***** Dataset content

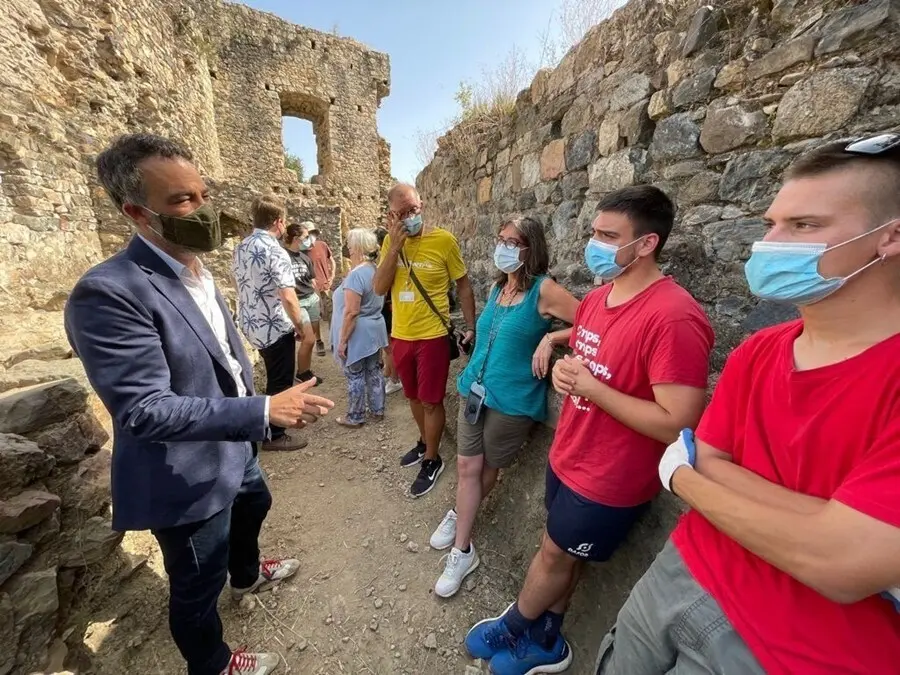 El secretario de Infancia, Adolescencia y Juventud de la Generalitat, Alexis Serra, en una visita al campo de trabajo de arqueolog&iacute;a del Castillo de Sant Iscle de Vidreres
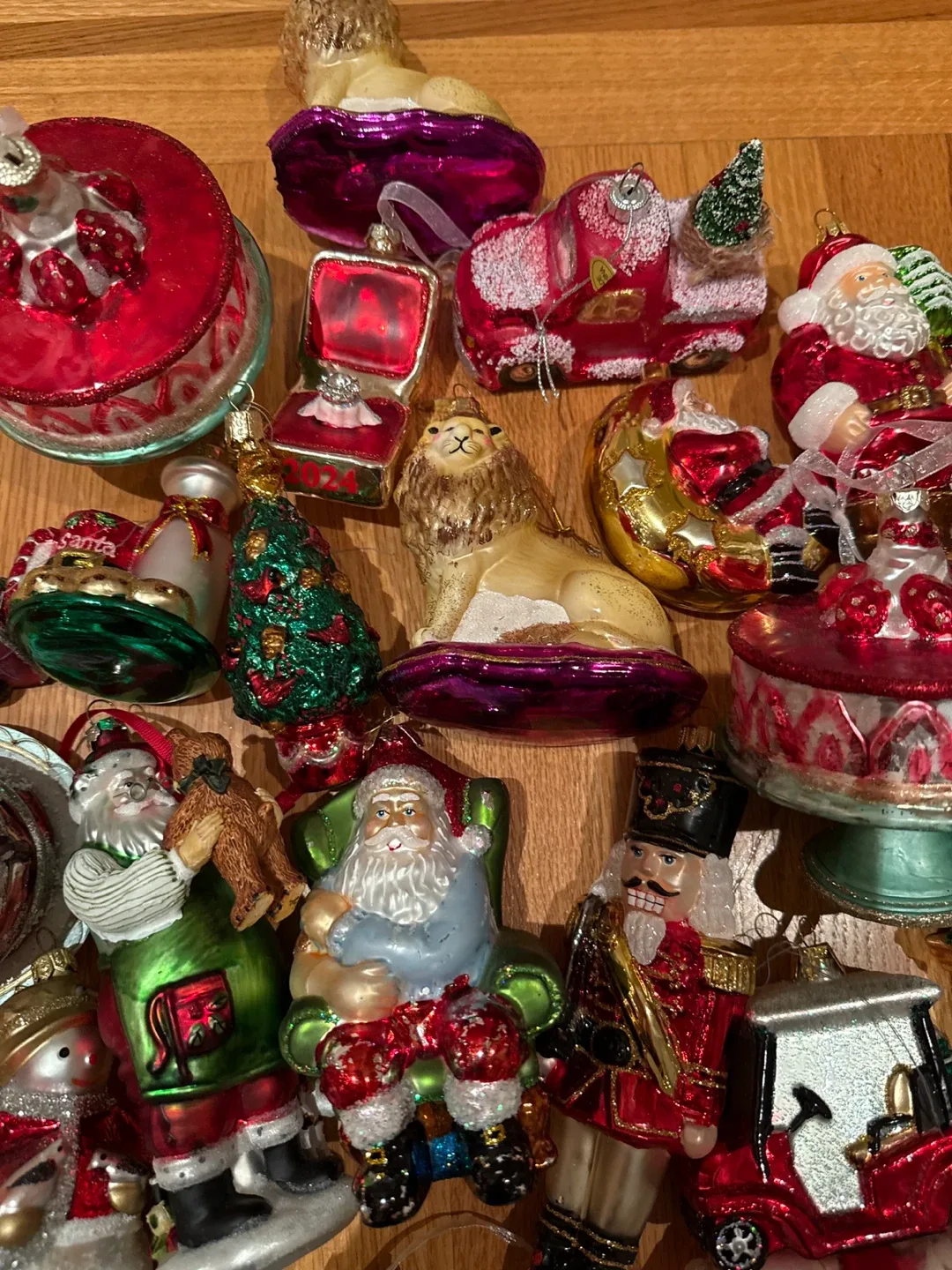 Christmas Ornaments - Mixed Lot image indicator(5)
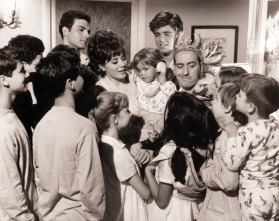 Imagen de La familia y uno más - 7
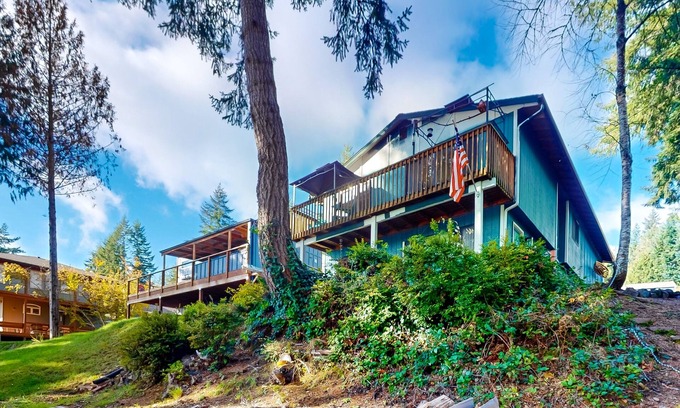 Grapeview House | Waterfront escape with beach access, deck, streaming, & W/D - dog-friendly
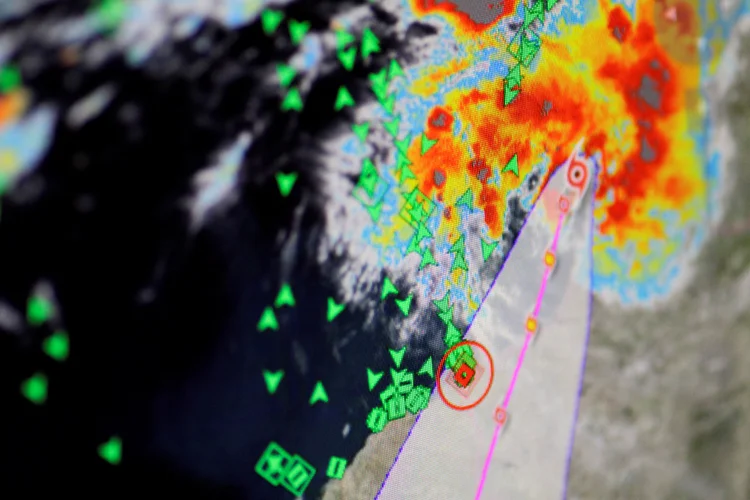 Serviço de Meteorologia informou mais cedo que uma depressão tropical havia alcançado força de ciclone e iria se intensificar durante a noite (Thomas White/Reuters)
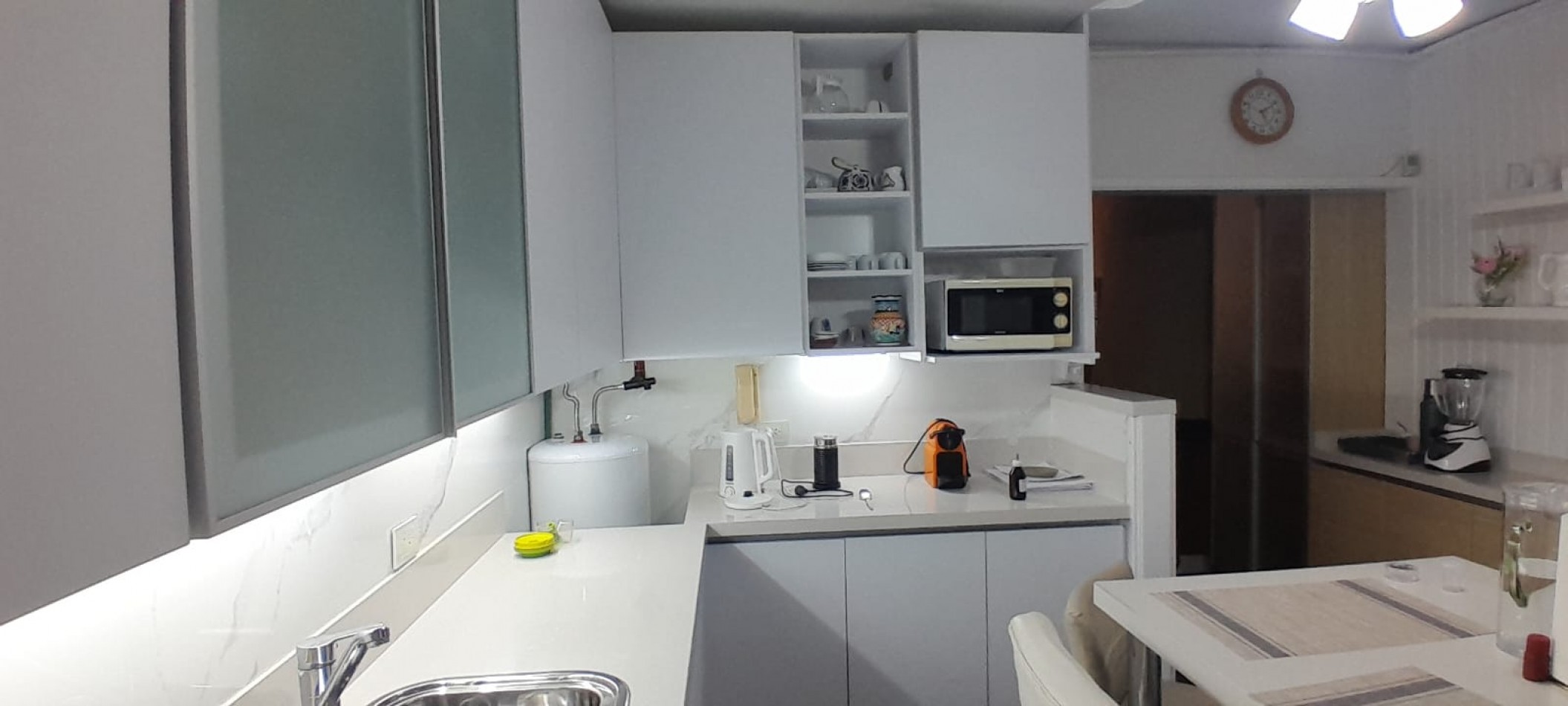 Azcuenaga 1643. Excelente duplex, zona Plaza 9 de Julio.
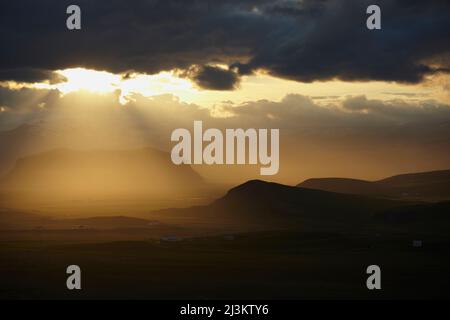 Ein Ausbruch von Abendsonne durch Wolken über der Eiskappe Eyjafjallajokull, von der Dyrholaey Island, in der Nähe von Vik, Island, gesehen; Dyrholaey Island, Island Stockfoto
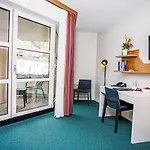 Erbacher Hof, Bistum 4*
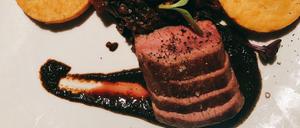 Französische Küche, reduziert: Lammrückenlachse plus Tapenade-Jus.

**********

◆ Task ◆
Word for word, repeat each record above; leave out every picture.

◆ Answer below ◆
 El secretario de Infancia, Adolescencia y Juventud de la Generalitat, Alexis Serra, en una visita al campo de trabajo de arqueolog&iacute;a del Castillo de Sant Iscle de Vidreres
 Christmas Ornaments - Mixed Lot image indicator(5)
 Imagen de La familia y uno más - 7
 Grapeview House | Waterfront escape with beach access, deck, streaming, & W/D - dog-friendly
 Serviço de Meteorologia informou mais cedo que uma depressão tropical havia alcançado força de ciclone e iria se intensificar durante a noite (Thomas White/Reuters)
 Azcuenaga 1643. Excelente duplex, zona Plaza 9 de Julio.
 Ein Ausbruch von Abendsonne durch Wolken über der Eiskappe Eyjafjallajokull, von der Dyrholaey Island, in der Nähe von Vik, Island, gesehen; Dyrholaey Island, Island Stockfoto
 Erbacher Hof, Bistum 4*
 Französische Küche, reduziert: Lammrückenlachse plus Tapenade-Jus.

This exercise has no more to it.